(Records provided Opens)

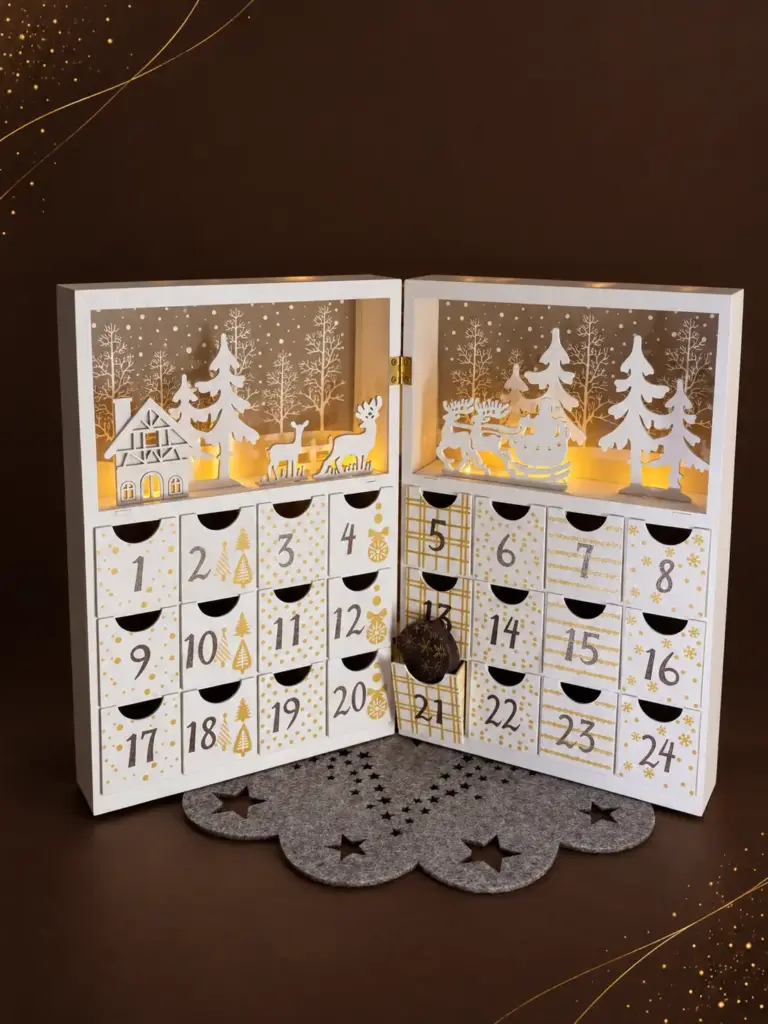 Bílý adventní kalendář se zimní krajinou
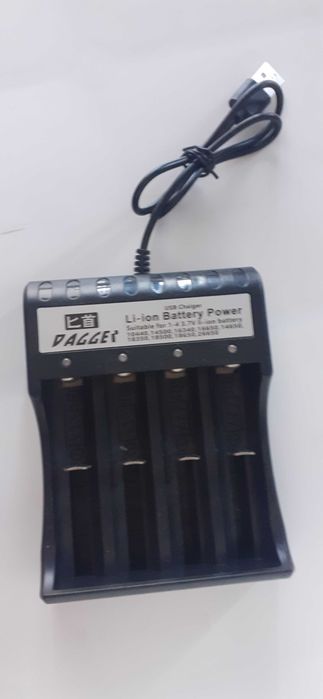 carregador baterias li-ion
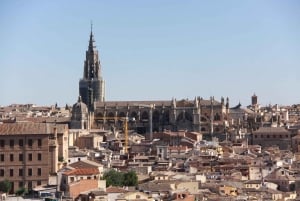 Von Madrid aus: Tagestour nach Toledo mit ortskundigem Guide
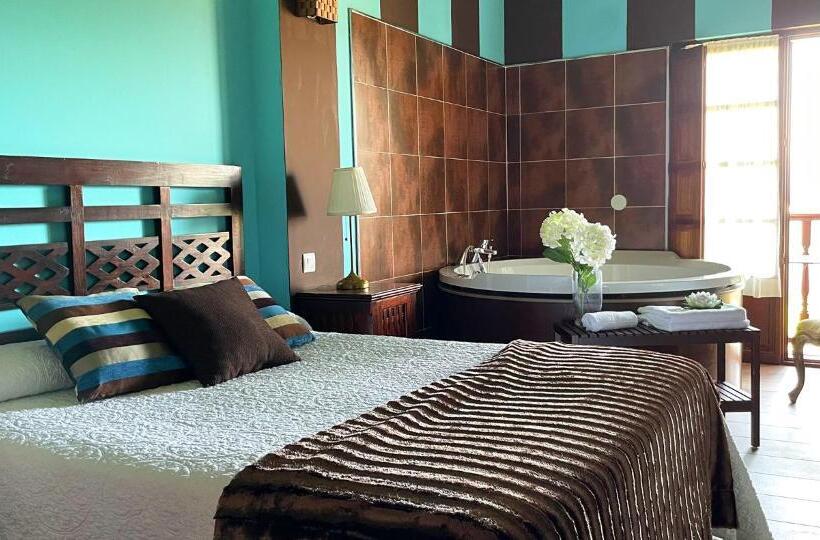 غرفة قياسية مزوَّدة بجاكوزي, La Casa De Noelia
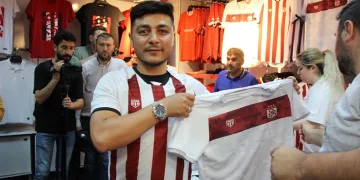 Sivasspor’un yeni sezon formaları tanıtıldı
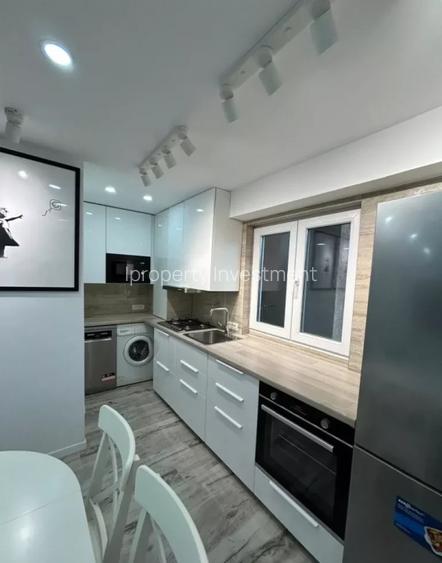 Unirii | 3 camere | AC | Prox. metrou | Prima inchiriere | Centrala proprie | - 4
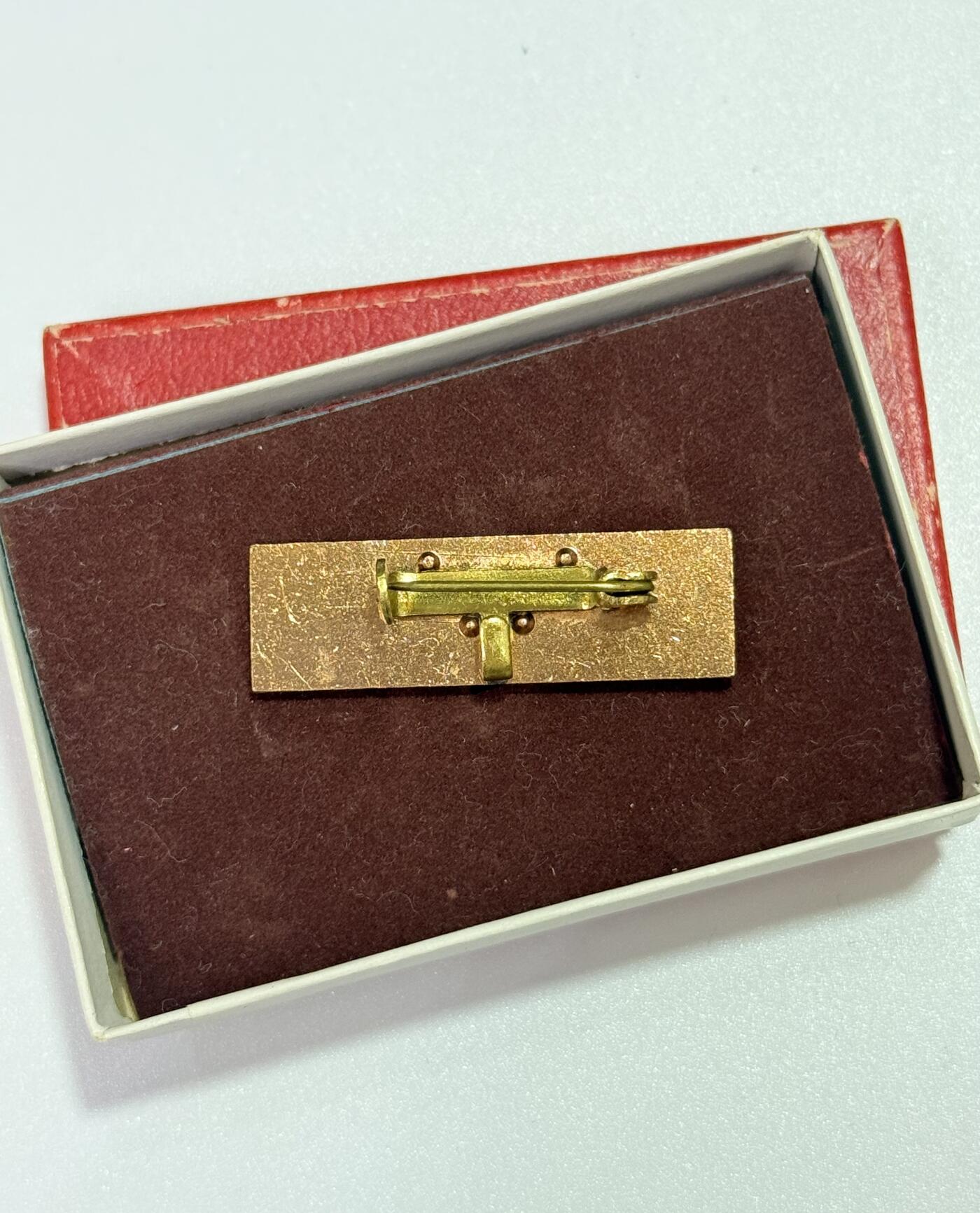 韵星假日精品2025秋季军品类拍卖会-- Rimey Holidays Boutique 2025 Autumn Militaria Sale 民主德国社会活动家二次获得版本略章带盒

(Records provided Closes)

### Your instructions
Repeat, exactly and in full, all the material above except its pictures.

### Response to this task
 Bílý adventní kalendář se zimní krajinou
 carregador baterias li-ion
 Von Madrid aus: Tagestour nach Toledo mit ortskundigem Guide
 غرفة قياسية مزوَّدة بجاكوزي, La Casa De Noelia
 Sivasspor’un yeni sezon formaları tanıtıldı
 Unirii | 3 camere | AC | Prox. metrou | Prima inchiriere | Centrala proprie | - 4
 韵星假日精品2025秋季军品类拍卖会-- Rimey Holidays Boutique 2025 Autumn Militaria Sale 民主德国社会活动家二次获得版本略章带盒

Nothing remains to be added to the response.